Em primeira análise, faz-se notar que, nos últimos anos, o aumento na renda da classe média e baixa, corroborado pelo incentivo governamental à indústria automobilística, fez com que o número de veículos individuais aumentasse consideravelmente. Tal fenômeno, porém, não foi acompanhado por uma melhoria no sistema de transporte, ou seja, o trânsito cresceu gradativamente com a cultura de automobilização privada. Pode-se ver essa intensificação do uso de carros no decorrer da história brasileira, pois, a política nacional, desde muito tempo, relaciona o aumento do mercado automobilístico, com uma melhor situação econômica e de bem-estar social. Entretanto, essa relação não se efetiva, tendo em vista o cenário da mobilidade urbana.
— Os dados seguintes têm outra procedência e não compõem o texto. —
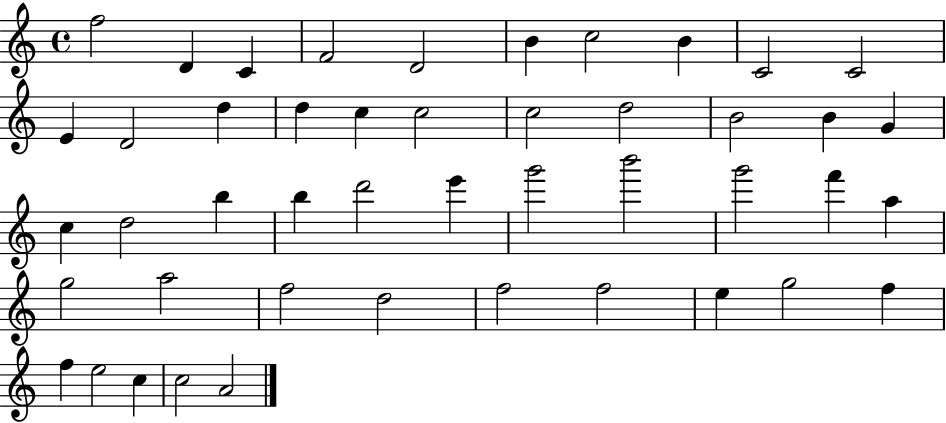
F5/h D4/q C4/q F4/h D4/h B4/q C5/h B4/q C4/h C4/h E4/q D4/h D5/q D5/q C5/q C5/h C5/h D5/h B4/h B4/q G4/q C5/q D5/h B5/q B5/q D6/h E6/q G6/h B6/h G6/h F6/q A5/q G5/h A5/h F5/h D5/h F5/h F5/h E5/q G5/h F5/q F5/q E5/h C5/q C5/h A4/h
Seguramente, uma boa forma de reduzir o tempo de locomoção do cidadão brasileiro, é incentivar o uso do transporte coletivo, a fim de diminuir o número de veículos necessários para o transporte da população. Apesar disso, antes, seria necessário uma melhora no serviço público, que já enfrenta problemas como a superlotação. A insatisfação da população com os mecanismos governamentais de mobilidade é enorme, ou seja, não se vê propensa a abandonar o uso de carros, mantendo assim o problema.
Assim sendo, para solucionar esse problema, é preciso conciliar uma boa estruturação do transporte público com o devido apelo para o uso desse meio de locomoção. Portanto, é de suma importância que os governos estaduais, em conjunto com a ANTP (Associação Nacional dos Transportes Públicos), através de verbas do Ministério da Infraestrutura, diminuam os preços do transporte público e aumentem o número de veículos operantes, bem como isentem de parte do IPTU aqueles que optarem pelo serviço de mobilidade estatal no lugar do privado, logo, eles devem arcar com essa cobrança da Federação. Tal atitude governamental, reduziria o trânsito nas grandes urbes do país, melhorando assim o bem-estar do cidadão e a locomoção interna das cidades.